台湾産バニラビーンズの取り組みを日本に紹介したい

アジア随一の“オーガニック食材”大国・台湾の「バニラビーンズ」に今プロの料理人が注目する理由
「TAIWAN NeeL」取り扱いの台湾産バニラビーンズ

「TAIWAN NeeL」がこれまでに輸入販売した商品は、有機農業によって作られたごま油やフルーツジャムなど。限られた取扱商品の中で意外なのが「台湾産バニラビーンズ」。そう、マダガスカルより気温が低い台湾でもバニラビーンズができるのです。

「バニラビーンズはケーキ屋さん、お菓子を作る方の間では馴染みがある食材である一方、高級品なんです。

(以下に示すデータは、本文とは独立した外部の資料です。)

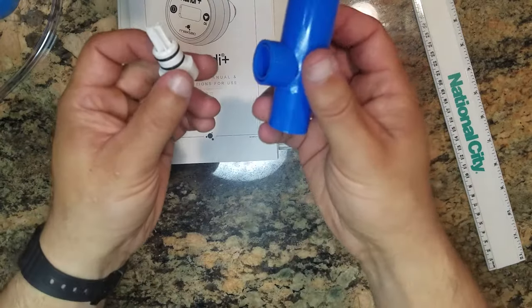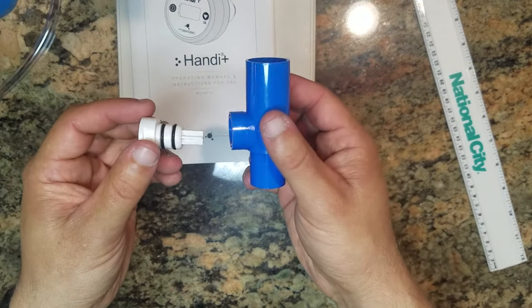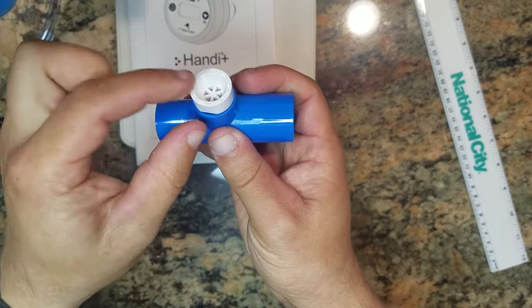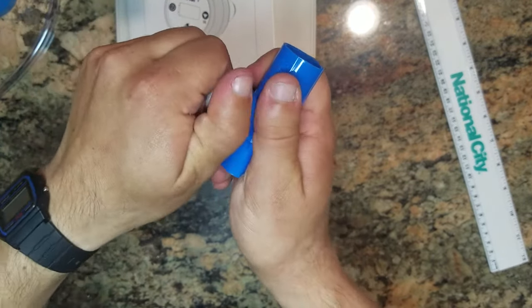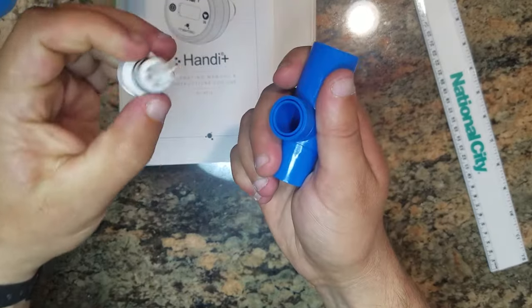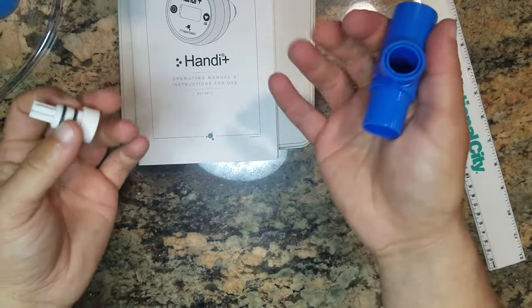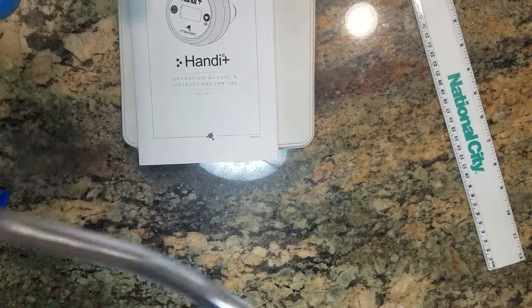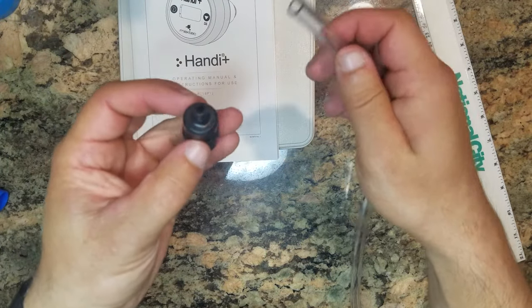So this is the T-adapter. We've also got some connections — this piece has a thread here to connect to your gas source or a calibration bottle, and then the hose is going to connect to this black piece here, and you screw these together.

また、バニラビーンズの産地は本来は、東アフリカのマダガスカルなどですが、数年前に干ばつが起きたりして生産量が激減し、価格が高騰してケーキ屋さんがすごく困っていました。そんな中で、台湾でオーガニックのバニラビーンズを生産する農家さんの存在を知り、ぜひ日本に紹介したいと思ったんです」

アジア随一の“オーガニック食材”大国・台湾の「バニラビーンズ」に今プロの料理人が注目する理由
実際に「TAIWAN NeeL」が輸入販売するバニラビーンズのさやを剥いて、中を見せてもらった[食楽web]

 台湾産のオーガニック・バニラビーンズを多くの人が知らないままでは消費されず、そのまま衰退してしまうかもしれないと危惧した加納さん。そこで『TAIWAN NeeL』でこれを輸入販売し、日本の消費者に紹介・提供していくことにしたそう。

バニラビーンズを使ったパイナップルジャム&プリンのレシピ

アジア随一の“オーガニック食材”大国・台湾の「バニラビーンズ」に今プロの料理人が注目する理由
「TAIWAN NeeL」のバニラビーンズを使った「たねのおやつ」のスコーン商品群。催事など限定で販売されました

 加納さんの思いに共感し、「TAIWAN NeeL」が輸入販売する台湾産バニラビーンズの優位性に注目したのが、福岡県のお菓子ブランド「たねのおやつ」。一時、催事等の限定でこのバニラビーンズを使ったスコーンなどを販売していました。つまりはプロをも唸らせるほどのバニラビーンズだったわけです。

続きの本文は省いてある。